The action may include locking a user interface of at least one of
the plurality of devices. The action may include sending a message
to a user and/or sounding an audible alarm at any of the plurality
of devices. In an embodiment, user data may be obfuscated. For
example, a random encryption key may be generated and the action
may include encrypting user data stored on the first device with
the random encryption key and communicating the random encryption
key to a server.
[0011] A device for invoking an action in response to an occurrence
of an event may include a datastore portion, a processing portion,
a wireless communications portion, and a user interface portion.

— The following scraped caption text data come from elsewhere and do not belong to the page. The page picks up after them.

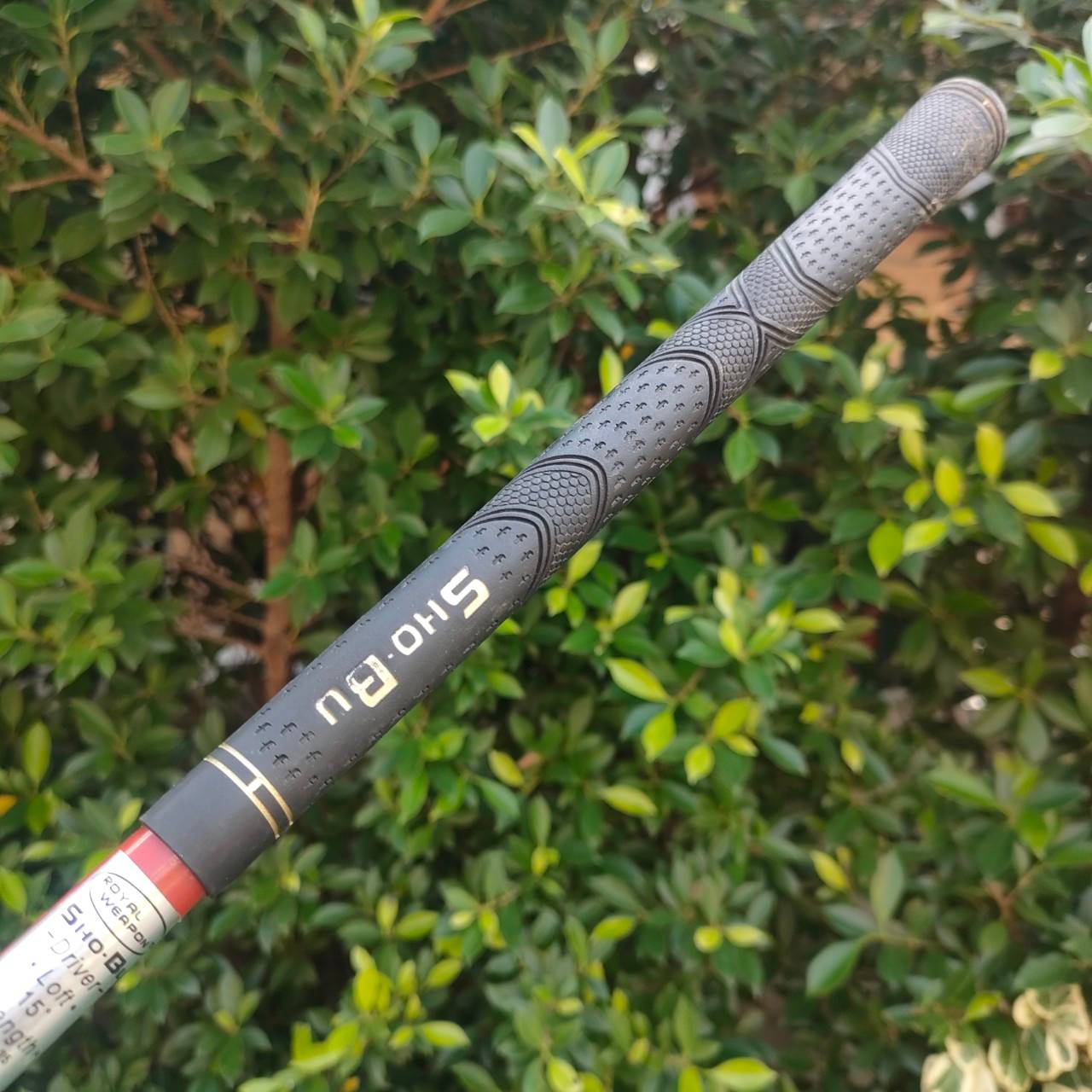 DRIVER ROYAL WEAPON SHO-BU ก้าน ROYAL WEAPON SHO BU FLEX R สุดยอด Driver หน้าเด้ง พรีเมี่ยมญี่ปุ่น!! ไม้กอล์ฟมือสอง ของแท้ BY NakaraLuxurious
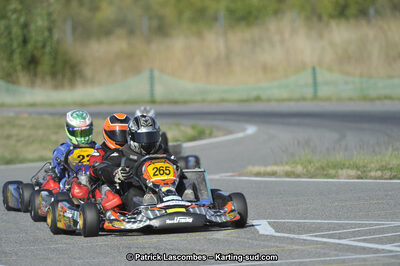 22/09/2013 : 5ème manche du Championnat du Sud 2013 à Muret (Photos Patrick Lascombes) 2013 — karting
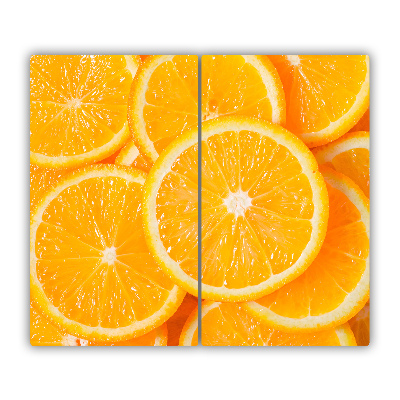 Chopping board Orange slices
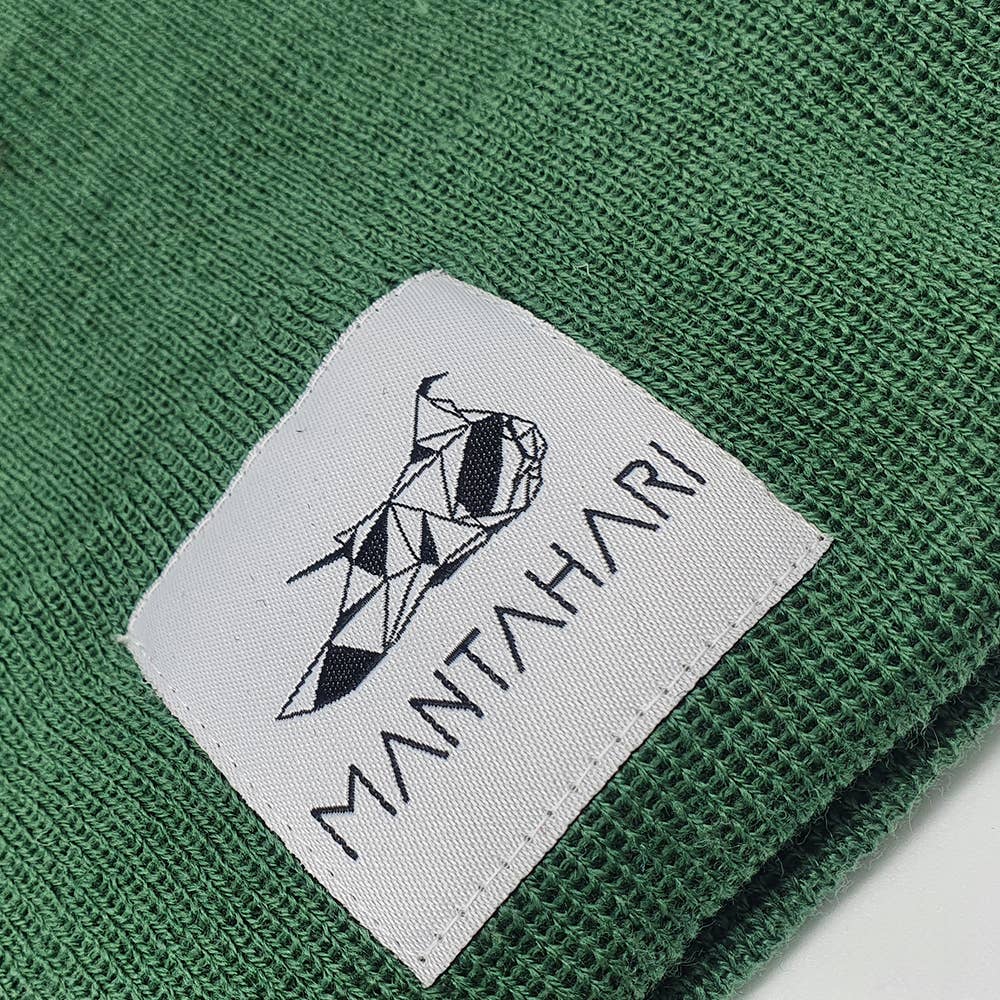MANTAHARI Oceancare – wholesale Beanie – Unisex – bottlebattle beanie mossy0
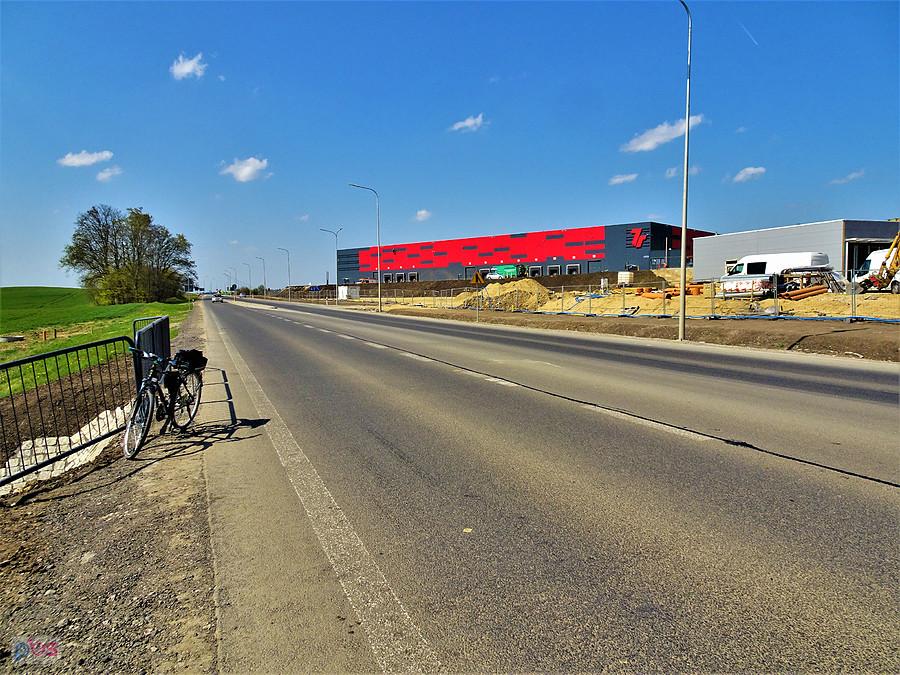 Wiosna na rowerze - Kociewie.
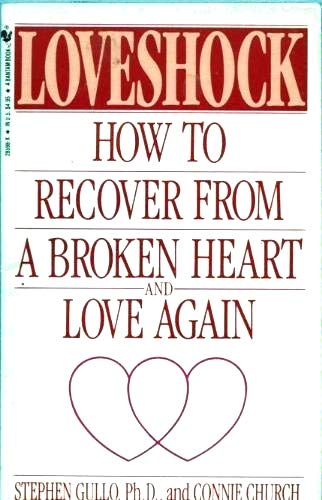 Loveshock: How to Recover from a Broken Heart a... 055328598X Book Cover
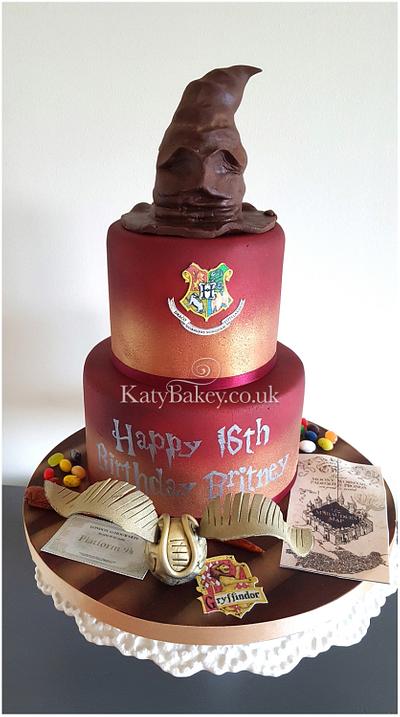 Harry Potter Cake  - Cake by Katy Davies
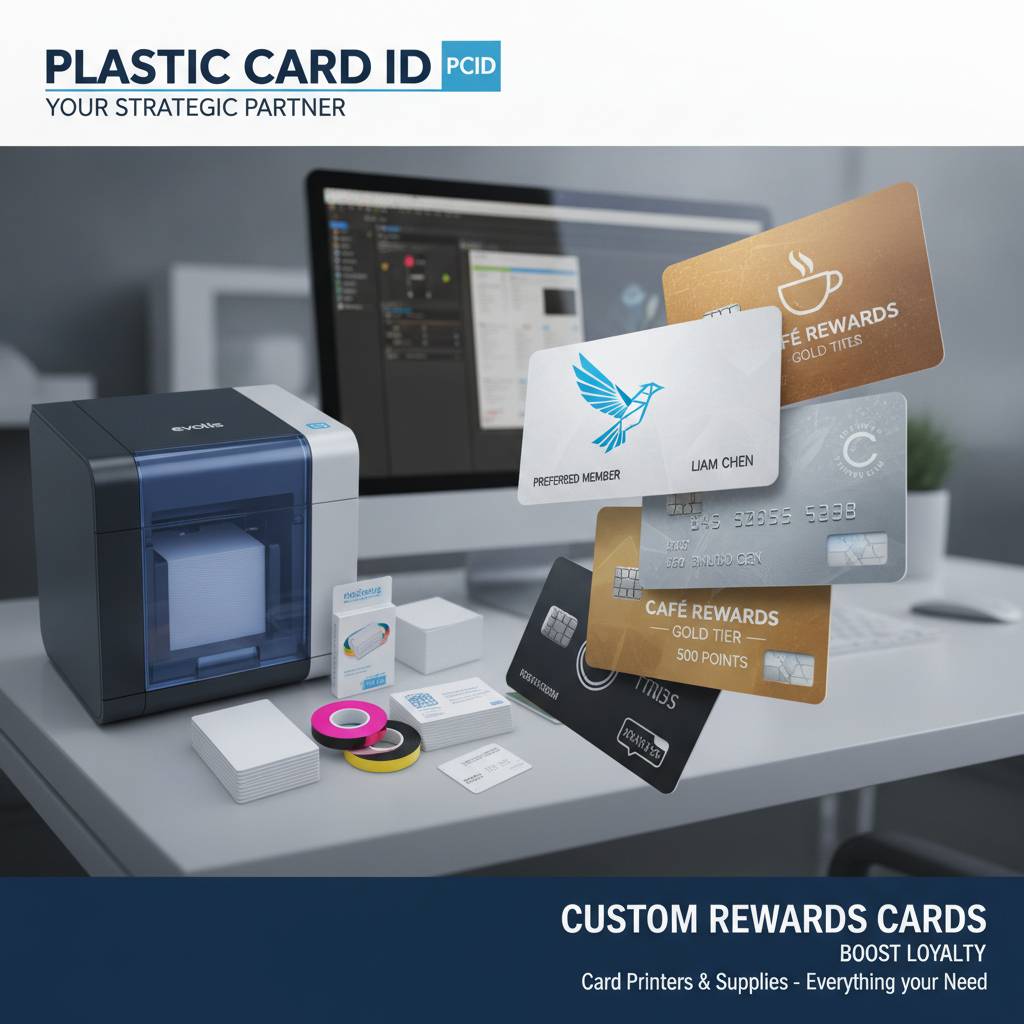 Card Printers and Supplies - Everything You Need in One Place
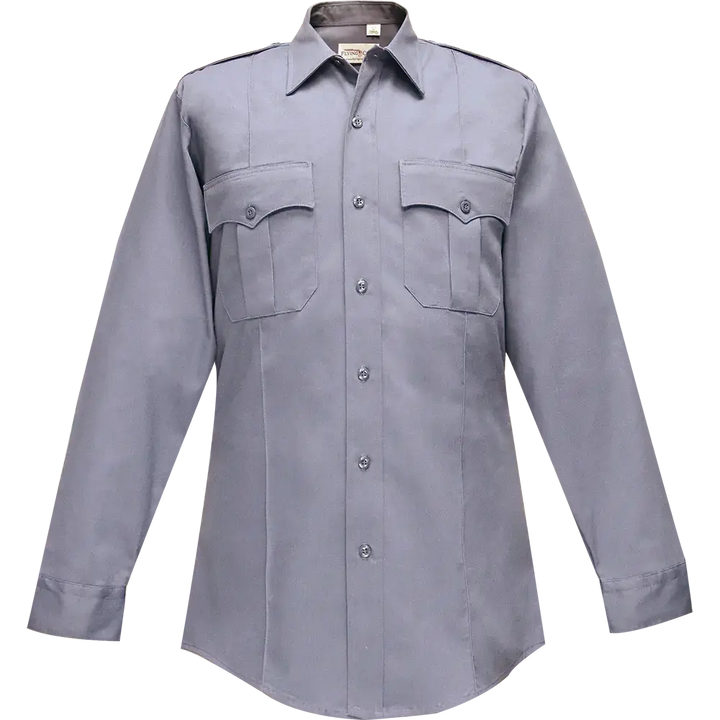 Duro-Poplin Men's Long Sleeve Shirt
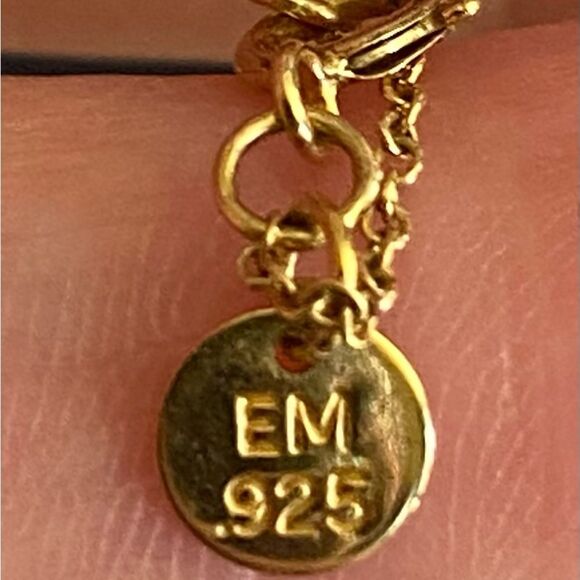 Three piece Barbie color silhouette, color straight necklace & cuff bracelet NWT - Picture 5 of 6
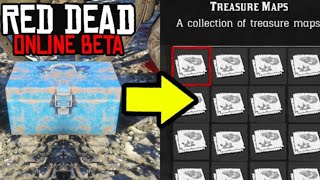 RED DEAD REDEMPTION 2 · ALL TREASURE MAPS Locations Video Guide (Explorer Challenge)/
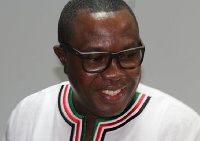 Samuel Ofosu Ampofo, newly elected National Chairman of the NDC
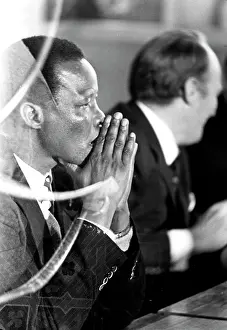 Transkei: December 1976 - Transkei Independence - In pensive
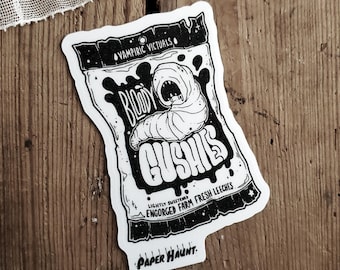 Vampire Candy sticker | Bloody Gushies | Spooky cute | Cute Horror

The datastore portion may have stored thereon the profile. The
processing portion, upon receiving a first indication of the
occurrence of the event with the second device, may invoke at least
one predetermined action in accordance the profile. The wireless
communications portion may provide point-to-point wireless
communications with the second device. The wireless communications
portion may measure the received signal strength of the
point-to-point communications, and when the received signal
strength is less than a predetermined threshold received signal
strength, the processing portion may lock the user interface
portion.
BRIEF DESCRIPTION OF THE DRAWINGS
[0012] FIG. 1A depicts an overview of a network environment in
which aspects of an embodiment may be implemented;
[0013] FIG. 1B depicts a GPRS network architecture in which aspects
of an embodiment may be implemented;
[0014] FIG. 1C depicts an alternate block diagram of an example
GSM/GPRS/IP multimedia network architecture in which aspects of an
embodiment may be implemented;
[0015] FIG. 2 depicts an example security system for protecting
wireless communications devices;
[0016] FIG. 3 depicts an example locked wireless communications
device;
[0017] FIG. 4 depicts a block diagram of example profile data for a
wireless communications device;
[0018] FIG. 5 depicts a block diagram of an example wireless
communications device; and
[0019] FIG. 6 depicts a flow diagram of an example security process
for protecting wireless communications devices.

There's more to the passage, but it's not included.